August 17, 2025
JL. SULTAN ALAUDDIN NO. 259, Kec. Rappocini, Gunung Sari, Kota Makassar, 90221
OPINI KAMPUS

Kemerdekaan 80 Tahun: Dari Simbol Upacara Menuju Substansi Tanggung Jawab

Oleh: Akbar Aba, S.Pd., M.Ed
(Dosen Pendidikan Kewarganegaraan Unismuh Makassar)

“Bangsa yang besar adalah bangsa yang menghormati jasa pahlawannya,” ujar Soekarno
Namun, menghormati tidak cukup hanya dalam kata-kata. Tidak cukup dengan mengheningkan cipta setiap 17 Agustus atau menggantungkan bendera merah putih di teras rumah. Sebab, kemerdekaan Indonesia bukan sekadar catatan sejarah atau narasi dalam buku teks. Ia lahir dari keberanian kolektif yang ditulis dengan peluh, air mata, dan darah para pejuang. Kemerdekaan bukanlah hadiah dari penjajah, melainkan hasil perjuangan rakyat Indonesia yang rela menukar hidup demi masa depan bangsa. Maka, cara terbaik untuk menghormati para pahlawan bukan sekadar mengenang, melainkan meneruskan perjuangan mereka dengan kontribusi nyata di bidang apa pun kita berdiri.

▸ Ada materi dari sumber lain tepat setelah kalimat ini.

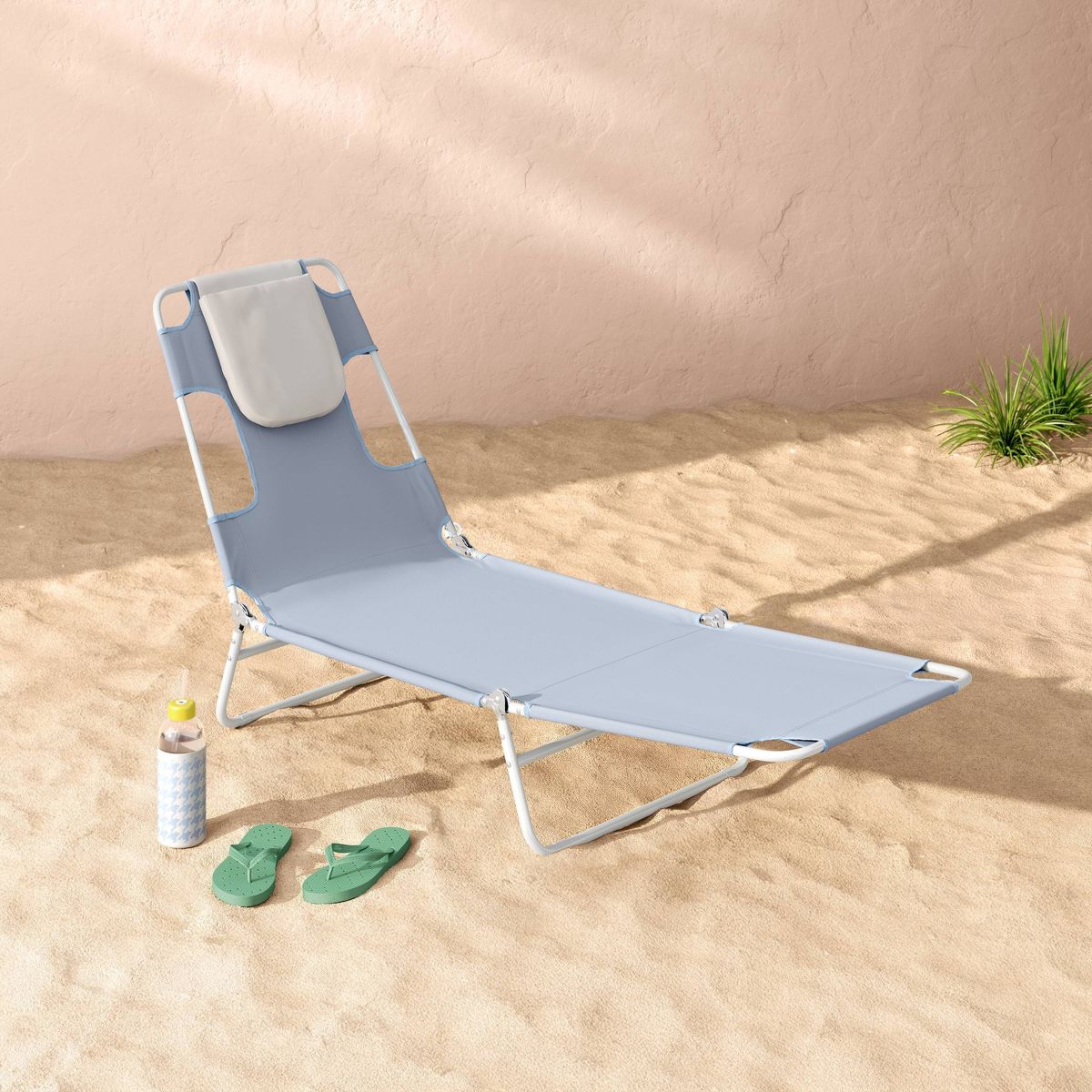 Folding Beach Tanning Chair Light Blue - Room Essentials™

Dari Peluh ke Proklamasi: Warisan yang Berdarah

Kemerdekaan Indonesia bukan semata produk perubahan geopolitik global pasca-Perang Dunia II, tetapi hasil dari keteguhan panjang yang dibangun oleh generasi demi generasi. Selama 350 tahun penjajahan, luka sosial dan ekonomi membekas dalam-dalam. Namun dari luka itu lahirlah perlawanan: Perang Diponegoro (1825–1830), Perang Aceh (1873–1904), hingga perlawanan rakyat Surabaya pada 10 November 1945 yang menewaskan lebih dari 6.000 pejuang. Semua itu berpuncak pada Proklamasi 17 Agustus 1945 bukan sekadar perayaan, tapi pernyataan bahwa bangsa ini siap berdiri di atas kaki sendiri.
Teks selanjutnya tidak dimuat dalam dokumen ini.